El cadáver yacía en el suelo sobre un charco de sangre y estaba maniatado. Existen diferentes versiones sobre cómo se halló el cadáver. Fuentes de la investigación apuntan que fue la nuera quien acudió a la casa y, al encontrar el cuerpo, alertó a la Guardia Civil. Otras señalan que fue el hijo, llamado también Francisco Fernández, quien encontró el cadáver de su padre y avisó a los agentes. Uno de los empleados de la gasolinera propiedad del fallecido afirma que esta situación le provocó al hijo del empresario un infarto por el que tuvo que ser intervenido y ahora se encuentra en la UCI.

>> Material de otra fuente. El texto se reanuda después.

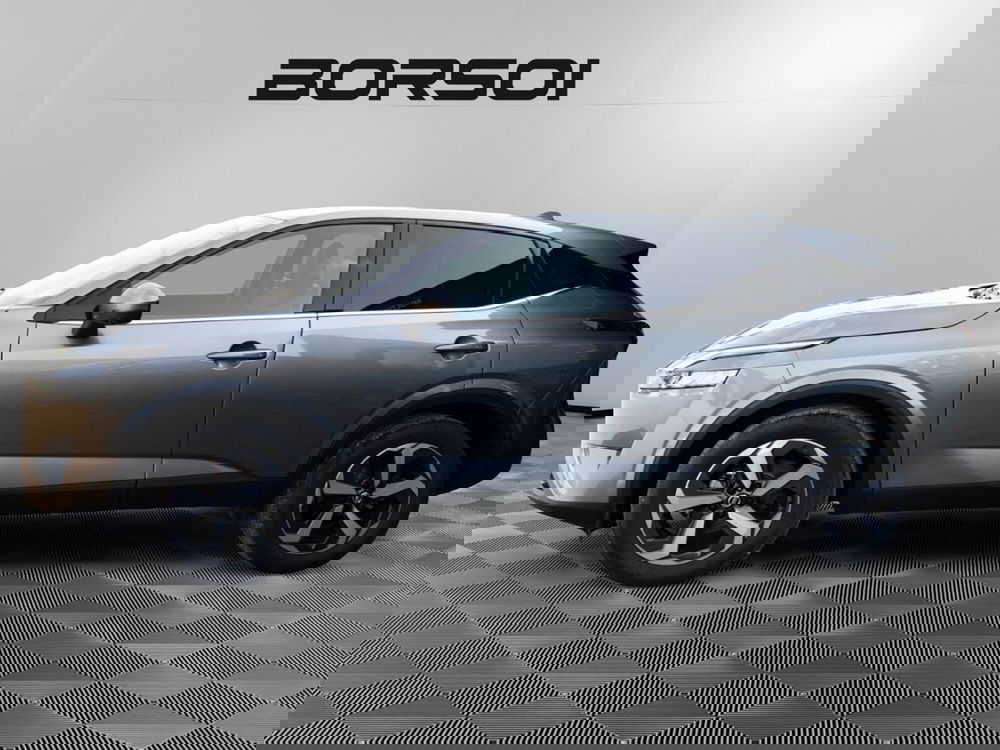 Nissan Qashqai usata a Venezia (2)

Los empleados del empresario fallecido recuerdan a Francisco Fernández como "un empresario ejemplar. Su palabra valía más que el dinero". El alcalde de Vícar, Antonio Bonilla, ha lamentado el suceso y, por el momento, el consistorio no tomará ninguna medida especial hasta que avance la investigación.
Todo apunta a que se trata de un robo con violencia aunque no se descartan otras hipótesis. La investigación se lleva a cabo bajo secreto de sumario.